**Problem description**
Would you reproduce exactly the lines below from the one holding "Reitturnier Bonn - Annaberger Hof 2022" through the one holding "<p>centrosomes are at", inclusive, and no others?

**The data**
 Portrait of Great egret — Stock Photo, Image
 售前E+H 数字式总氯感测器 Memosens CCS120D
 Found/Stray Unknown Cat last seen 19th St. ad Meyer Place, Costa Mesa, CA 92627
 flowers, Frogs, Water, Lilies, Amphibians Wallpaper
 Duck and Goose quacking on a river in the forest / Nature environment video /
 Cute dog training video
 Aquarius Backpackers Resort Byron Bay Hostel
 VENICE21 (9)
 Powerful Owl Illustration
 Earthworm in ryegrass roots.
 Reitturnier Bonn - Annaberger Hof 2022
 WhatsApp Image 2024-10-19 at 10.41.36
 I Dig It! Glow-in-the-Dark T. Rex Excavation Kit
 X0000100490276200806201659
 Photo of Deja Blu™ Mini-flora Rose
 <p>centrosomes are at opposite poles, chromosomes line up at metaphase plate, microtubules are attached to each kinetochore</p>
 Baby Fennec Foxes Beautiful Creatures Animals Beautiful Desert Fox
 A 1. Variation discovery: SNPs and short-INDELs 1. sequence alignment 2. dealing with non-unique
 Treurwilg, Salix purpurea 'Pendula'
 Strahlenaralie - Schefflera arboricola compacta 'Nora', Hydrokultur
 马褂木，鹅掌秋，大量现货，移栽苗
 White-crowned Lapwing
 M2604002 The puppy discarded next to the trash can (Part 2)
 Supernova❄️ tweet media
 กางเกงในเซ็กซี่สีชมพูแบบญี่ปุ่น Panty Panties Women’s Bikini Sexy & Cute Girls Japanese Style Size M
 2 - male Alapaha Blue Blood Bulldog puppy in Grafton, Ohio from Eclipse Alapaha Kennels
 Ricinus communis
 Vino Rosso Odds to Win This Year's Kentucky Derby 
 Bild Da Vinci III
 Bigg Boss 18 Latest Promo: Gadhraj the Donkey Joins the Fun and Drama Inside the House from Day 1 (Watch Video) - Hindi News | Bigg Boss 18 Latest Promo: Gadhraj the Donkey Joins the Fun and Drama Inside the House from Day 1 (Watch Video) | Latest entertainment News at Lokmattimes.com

**Written answer**
 Reitturnier Bonn - Annaberger Hof 2022
 WhatsApp Image 2024-10-19 at 10.41.36
 I Dig It! Glow-in-the-Dark T. Rex Excavation Kit
 X0000100490276200806201659
 Photo of Deja Blu™ Mini-flora Rose
 <p>centrosomes are at opposite poles, chromosomes line up at metaphase plate, microtubules are attached to each kinetochore</p>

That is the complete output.